The inferential test among the attributes also showed that the comparisons in the presentations of the same year, presented few attributes with statistical differences. We can take as an example that the comparison between the second presentation of 2018 and the third presentation of 2018 did not result in any statistically different attributes.

There are two main important outcomes of the ability of identifying the student’s body patterns during presentations and analyze their data: one is related to the assessment of the student, and the other is related to the creation of a tool to analyze different groups’ behaviour. The first outcome is that the presentation capture and body pattern detection enables self-assessment from the student. For instance, if a student is talking most of the available time and is not using non-verbal communication efficiently, an automatic report given as feedback may help him to better assess his presentation. In the case of a regular assessment in which the presentation skills are important, along with the professor’s qualitative feedback, he may use the acquired information to give a more quantitative depth to articulate his recommendations to improve the student’s performance.

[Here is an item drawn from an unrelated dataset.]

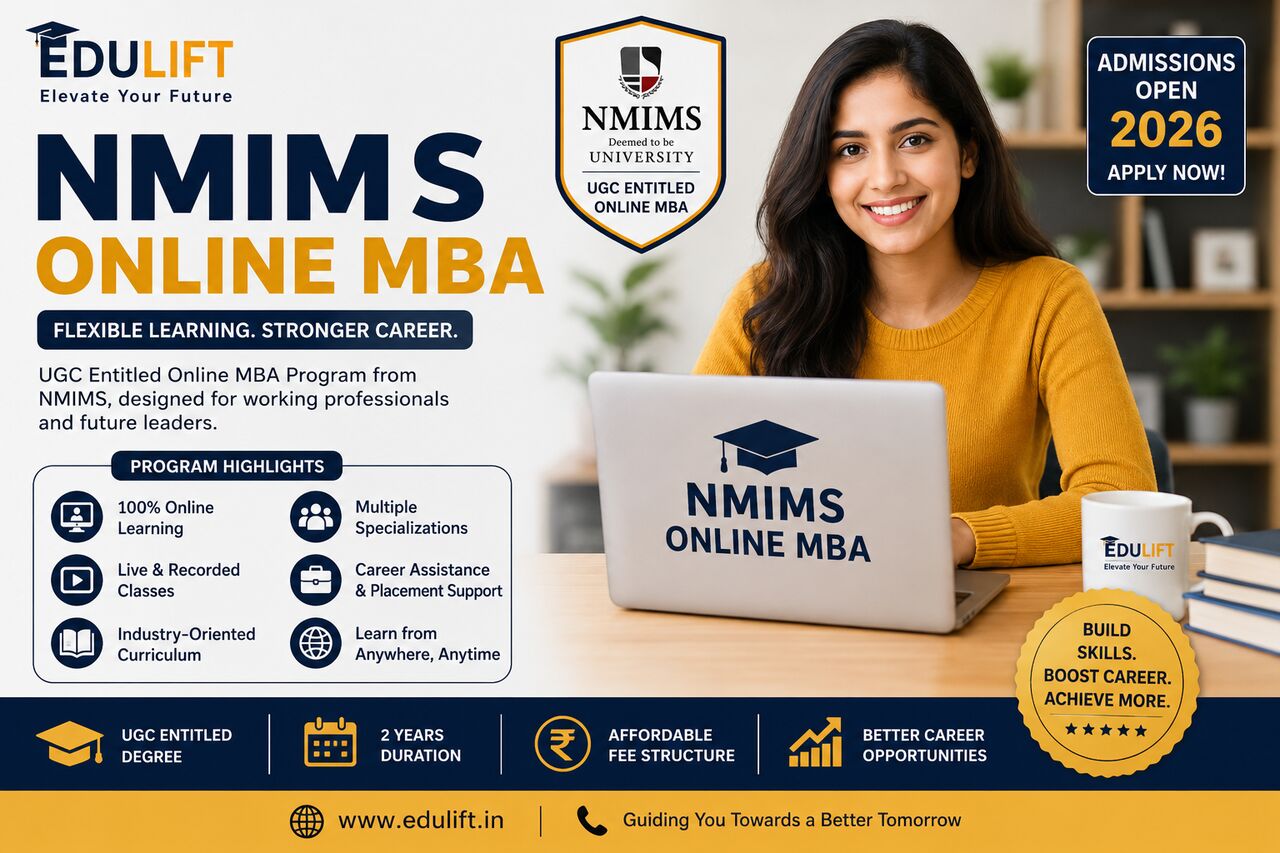 Pune, Education, NMIMS Online MBA 2026 &ndash; Fees, Eligibility, Admission & Specializations | Edulift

On the other hand, the ability to analyze statistical data from groups during presentations may be used as a tool to compare students’ profiles across different fields or generations. The information can then be used to define proper education strategies. Going further from our current possibilities, if a model to assess presentations skills is created or adapted by psychologists to use this type of input, this can become a powerful tool to evaluate how internal and external factors can determine the presentation quality or style.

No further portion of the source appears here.